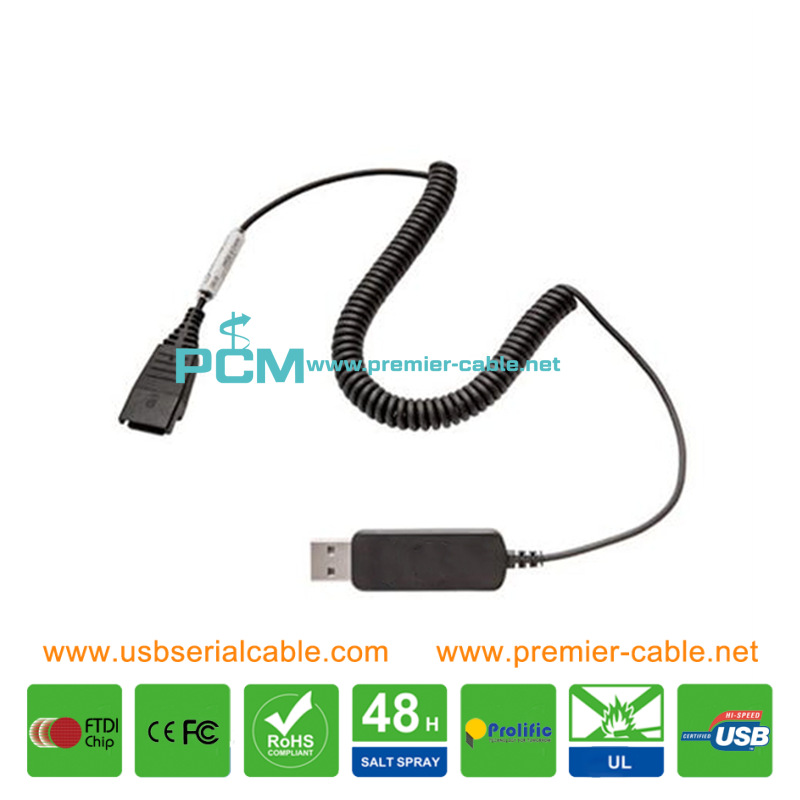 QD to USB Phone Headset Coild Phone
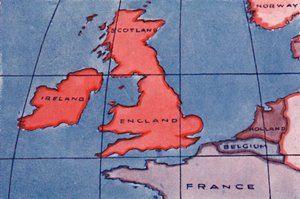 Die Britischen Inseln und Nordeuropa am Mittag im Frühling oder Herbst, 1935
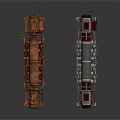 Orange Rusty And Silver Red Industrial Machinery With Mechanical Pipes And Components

§ **What is needed**: Return each of the lines exactly as they appear above, with no images.

§ **Task output**:
 QD to USB Phone Headset Coild Phone
 Die Britischen Inseln und Nordeuropa am Mittag im Frühling oder Herbst, 1935
 Orange Rusty And Silver Red Industrial Machinery With Mechanical Pipes And Components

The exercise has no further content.